The Hard Work of Unity

It's hard work, but it must be done. Acts 14, 15

The Gentiles Question Resolved (7)

Pray Psalm 48.1-3.

Great is the LORD, and greatly to be praised
In the city of our God,
In His holy mountain.
Beautiful in elevation,
The joy of the whole earth,
Is Mount Zion on the sides of the north,
The city of the great King.
God is in her palaces;
He is known as her refuge.

Sing Psalm 48.1-3.
(Cwm Rhonda: Guide Me, O Thou Great Jehovah)
Great is God, now greatly praise Him in the city of the Lord!
Holy she, His lovely mountain, great and glorious by His Word!
God her King is great within her, He, her Stronghold ever sure!
He, her Stronghold ever sure!

Review Acts 14 and 15; meditate on Acts 15.6-12.

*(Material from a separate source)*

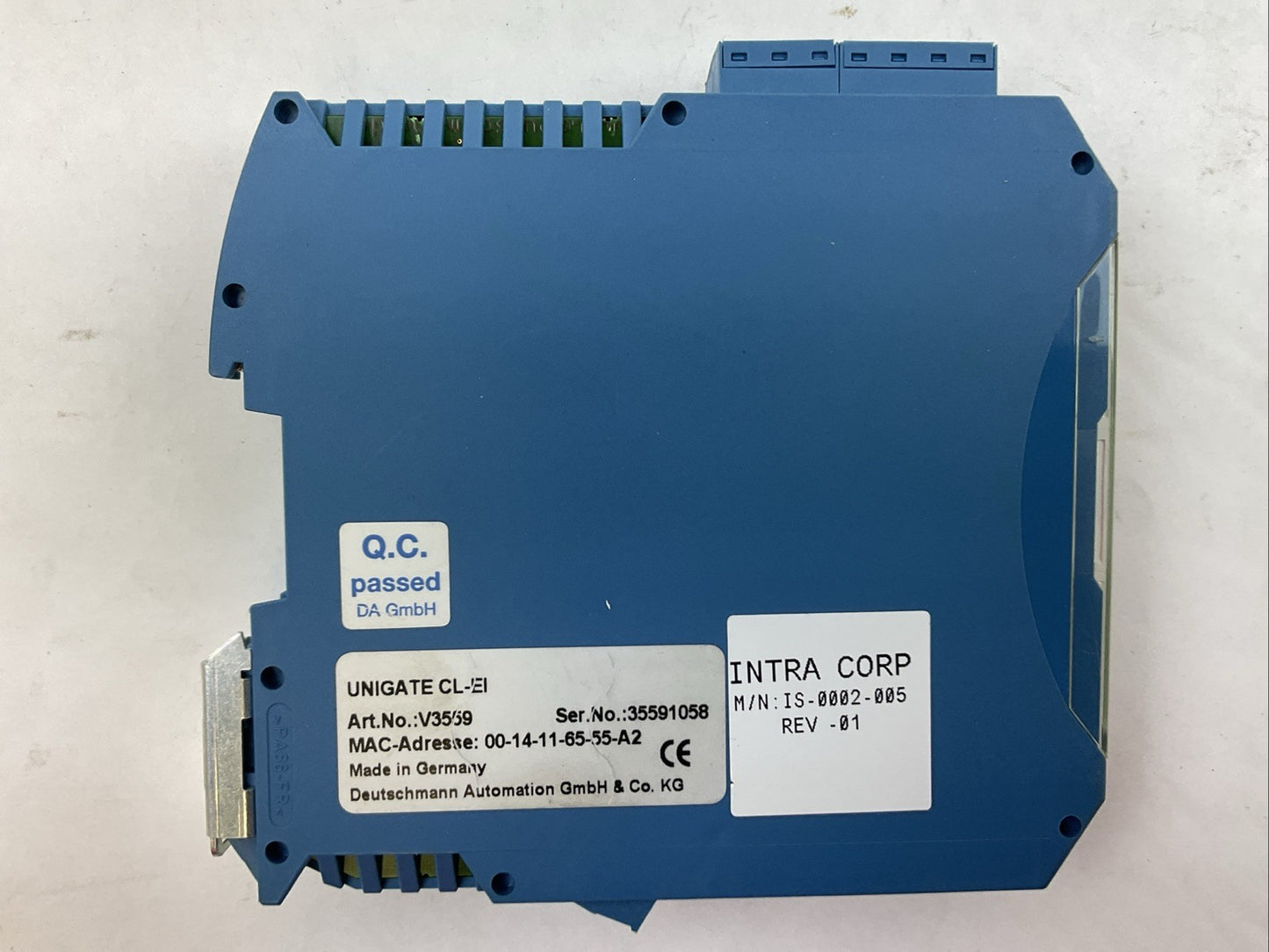 DEUTSCHMANN AUTOMATION RS232/422/485 UNIGATE CL-ETHERNET/IP IS-0002-005 REV -01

1. Who spoke in these verses?

2. What was the gist of their message?

In the minds of Peter and Paul, there was never a thought that the Church of Jesus Christ would ever be anything other than one body and one people. Jesus, they knew, had insisted that the visible unity of His people was crucial to their effective witness (Jn. 17.21). Peter would later write that all believers are part of a “royal priesthood” and a “holy nation” and the one “people of God” (1 Pet. 2.9, 10). The churches in Antioch had already demonstrated their oneness with the believers in Judea by sending aid for their relief (Acts 11.27-30). Paul would later write that it is important believers work together for unity. He chided the Corinthians for their divisiveness (1 Cor. 1), and he urged the Ephesians to work hard at maintaining the unity of the Spirit in the bond of peace with all believers (Eph. 4.3).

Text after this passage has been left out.